No need to fight over who gets to use a club glider next. Everyone has already collectively agreed how to sort out who gets to use each glider next!
Priority 1. Training. These get priority to the point of a minimum of one of the twins being fully available/committed to local training, and one available for booking for extended cross country training. Where possible, training flights should be concentrated on early starts. Trainees should not expect to swan out mid-day and get priority over those who have been waiting all day! Bookings available until noon.
Priority 2. Passenger flights/Trial flights/Check flights. Passenger and trial flights are seen to be equal on a first-come first-served basis (bookings available until noon).

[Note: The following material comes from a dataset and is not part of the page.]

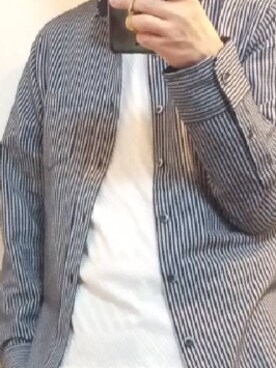 「MK MICHEL KLEIN HOMME （エムケーミッシェルクランオム）のアイテム」を使った、MKhomme ららぽーと船橋さん（メンズ・171cm）の春コーディネート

Generally limited to around a half hour maximum unless there is no pressure on the gliders. Check flights are on the same footing. If you need a check flight, get out early if you do not want to be held up and/or call the booking desk for a launch time before noon!
Priority 3. Pair flying. Lower priority as generally pilots pair flying could make use of single-seaters. On a busy day expect to be called back after an hour.
Priority 4. Solo flying. Using a twin as a single-seater is fine, as long as there is no one else after them for use as a twin. (This provision applies to pilots rated to fly at least the PW-5. Early post solo pilots still on the two-seaters are regarded as still in training, see above.)
One glider to be available for local soaring. One hour flights when busy. Priority simply first-come first-served, except for flights before noon which can be booked through the booking desk.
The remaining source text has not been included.